André Esteves destacou que o próximo líder do país encontrará um ambiente econômico significativamente mais favorável em comparação com os desafios enfrentados por governos passados. Ele traçou um paralelo com os inícios dos mandatos de Fernando Henrique Cardoso, em 1994, e Luiz Inácio Lula da Silva, em 2002, épocas marcadas por graves problemas como inflação descontrolada, altos índices de desemprego, escassez de reservas internacionais e crises no sistema financeiro.

Para Esteves, a situação atual é de “moleza de resolver” no campo econômico, indicando que as principais variáveis macroeconômicas estão em um patamar que permite uma abordagem mais direta e menos emergencial. Essa visão sugere que a próxima administração terá uma base mais sólida para implementar políticas de desenvolvimento e estabilidade.

A Urgência do Controle de Gastos Públicos

Apesar do panorama econômico considerado favorável, o banqueiro André Esteves enfatizou a necessidade premente de o Brasil adotar medidas robustas para conter o avanço dos gastos públicos. Ele argumentou que essa contenção é crucial para a saúde fiscal do país, mas fez questão de diferenciar essa abordagem de cortes drásticos ou da supressão de programas sociais.
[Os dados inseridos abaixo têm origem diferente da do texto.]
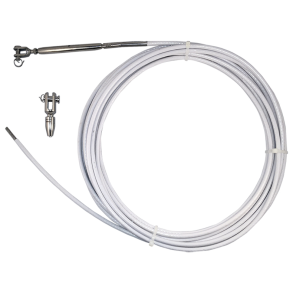 Wire Kit til s�gel�nder - S�gel�nderkit 10 m Wire 4/6 rf valsefri gaffel og monteret m/vantskrue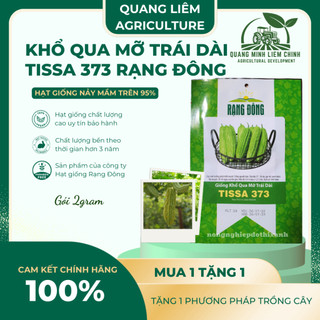 Hạt giống Khổ Qua Mỡ Trái Dài Rado 373 (2gram~10 hạt) chịu nhiệt tốt, trồng quanh năm, năng suất cao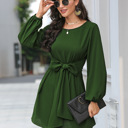  Long Sleeve Women Mini Dress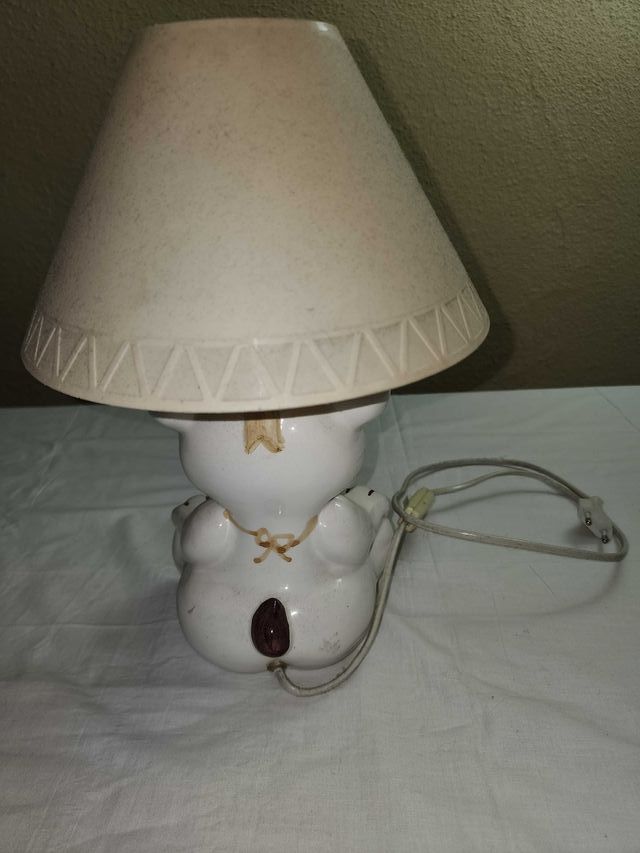 Lámpara infantil oso cerámica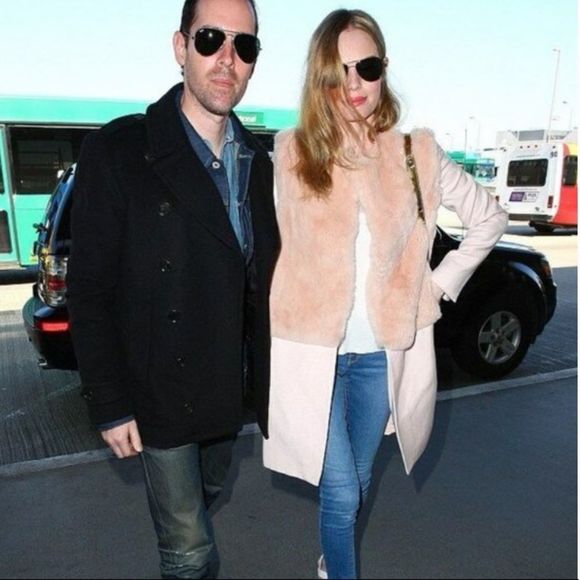 RARE ZARA Pink Wool Combination Faux FurJacket XS - Picture 10 of 13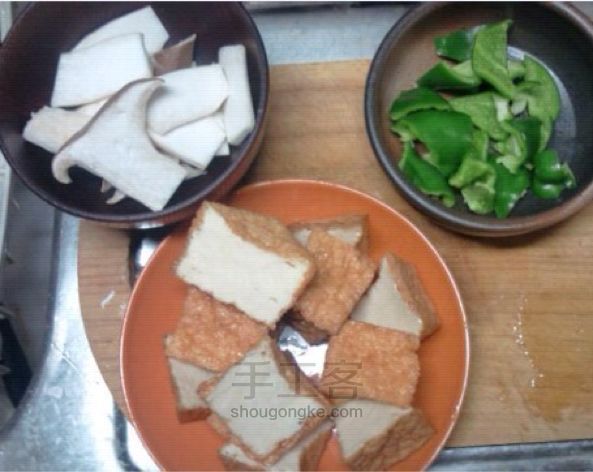 超下饭家常豆腐。美食DIY 第3步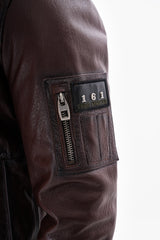 The Northway Brown Lambskin Leather Jacket Exclusive Style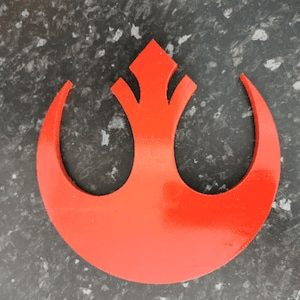 Star Wars Inspired Rebel Alliance Symbol Wall Art Decor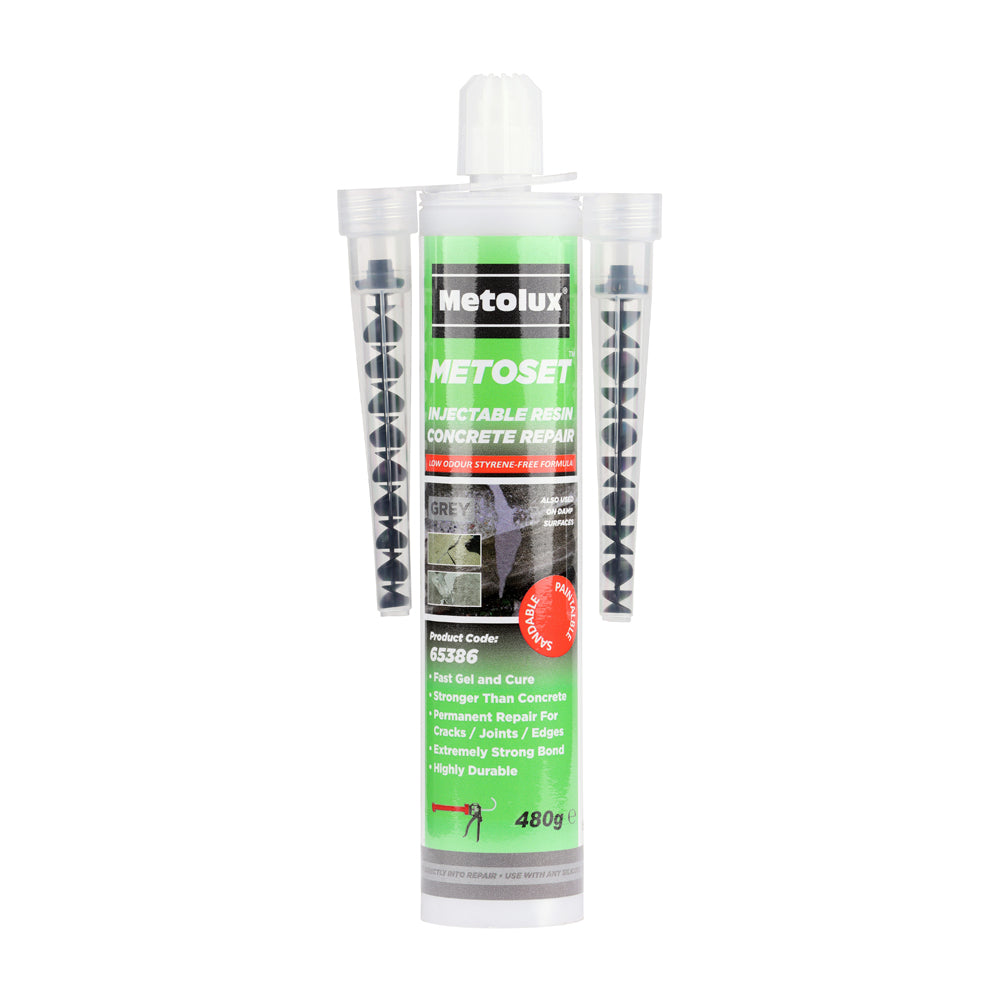 Metolux Metoset Concrete Repair Resin – Grey 480g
Esteves sugeriu que existem “três, quatro medidas simples de contenção do crescimento de gasto” que podem ser implementadas sem comprometer a rede de proteção social. O controle efetivo das despesas públicas, segundo ele, seria um fator determinante para a redução das taxas de juros no país, estimulando investimentos e o crescimento econômico.

Desafios Além da Estabilidade Econômica

Embora a economia seja vista como um problema de fácil solução, André Esteves expressou profunda preocupação com outras questões que afetam a estrutura social e institucional do Brasil. Ele citou o avanço do crime organizado, a proliferação de milícias e o crescimento da informalidade como desafios críticos que demandam atenção urgente do Estado.

O banqueiro alertou para a “guerra do Brasil institucional com o Brasil não institucional”, ressaltando que essa é uma batalha que o país não pode perder. Essa perspectiva amplia o debate para além das métricas econômicas, apontando para a necessidade de fortalecer as instituições e garantir a segurança e a ordem social.

Debate sobre o Banco Master e a Fiscalização do Mercado

Durante o mesmo painel no Fórum Esfera, que contou com a presença de Aloizio Mercadante, do Banco Nacional de Desenvolvimento Econômico e Social (BNDES), e Bruno Dantas, ministro do Tribunal de Contas da União (TCU), Esteves também abordou a controvérsia envolvendo o Banco Master. Ele negou qualquer falha do BTG Pactual na distribuição de produtos financeiros da instituição, como Certificados de Depósito Bancário (CDBs).

Esteves afirmou que o BTG Pactual agiu prontamente ao identificar sinais de risco, posicionando-se para mitigar possíveis problemas. Em contrapartida, Aloizio Mercadante atribuiu parte da responsabilidade à gestão anterior do Banco Central no caso Master. O presidente do BNDES defendeu a necessidade de fortalecer a estrutura de órgãos de fiscalização do mercado financeiro, como o Banco Central e a Comissão de Valores Mobiliários (CVM), para enfrentar futuros desafios e garantir a solidez do sistema.